Johnson v. Ensign

Decision Date25 February 1924
Citation224 P. 73,38 Idaho 615
PartiesNELLIE PAYNE JOHNSON, Plaintiff, v. H. F. ENSIGN, Judge of the District Court of the Fourth Judicial District, Defendant
CourtIdaho Supreme Court

WRIT OF REVIEW-ISSUANCE-EFFECT OF-PETITION FOR WRIT-ALLEGATIONS-RECORD-ORDER TO SHOW CAUSE-HEARING ON RETURN-GROUNDS OF RESISTANCE TO ISSUANCE OF WRIT.

1. The issuance of a writ of review merely requires the furnishing to this court of the record in the lower court.

2. The validity of the order complained of in the petition for the issuance of the writ of review is not determined on the allegations contained in the petition for the writ, but on the record of the lower court furnished in response to the issuance of the writ.

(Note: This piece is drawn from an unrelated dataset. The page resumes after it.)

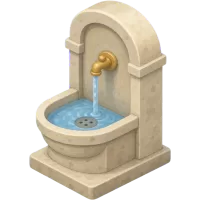 public drinking fountain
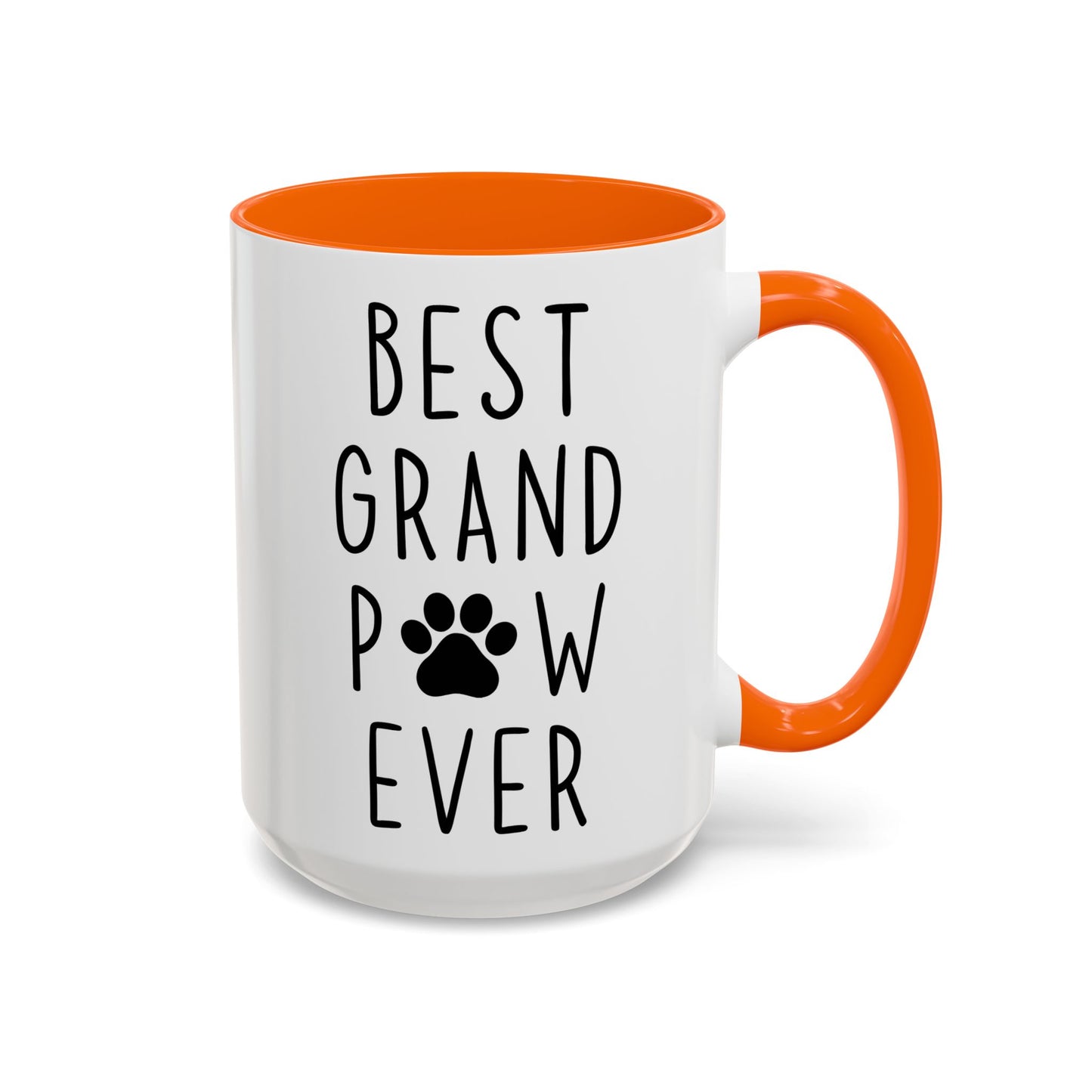 Best Grand Paw Ever Mug | Funny Pet Lover Gift | Custom Made Dog Grandpa Coffee Cup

3. Upon the hearing on the return to an order to show cause why a writ of review should not issue, the allegations of the petition are taken to be true.

4. The issuance of a writ of review may be resisted upon the ground that the allegations of the petition are insufficient, or that the court about to issue the writ lacks jurisdiction, or that the question sought to be determined could be heard on appeal, or that there is a plain, speedy and adequate remedy.

Application for writ of review. Writ granted.

Writ issued.

Richards & Haga and Hawley & Hawley, for Plaintiff.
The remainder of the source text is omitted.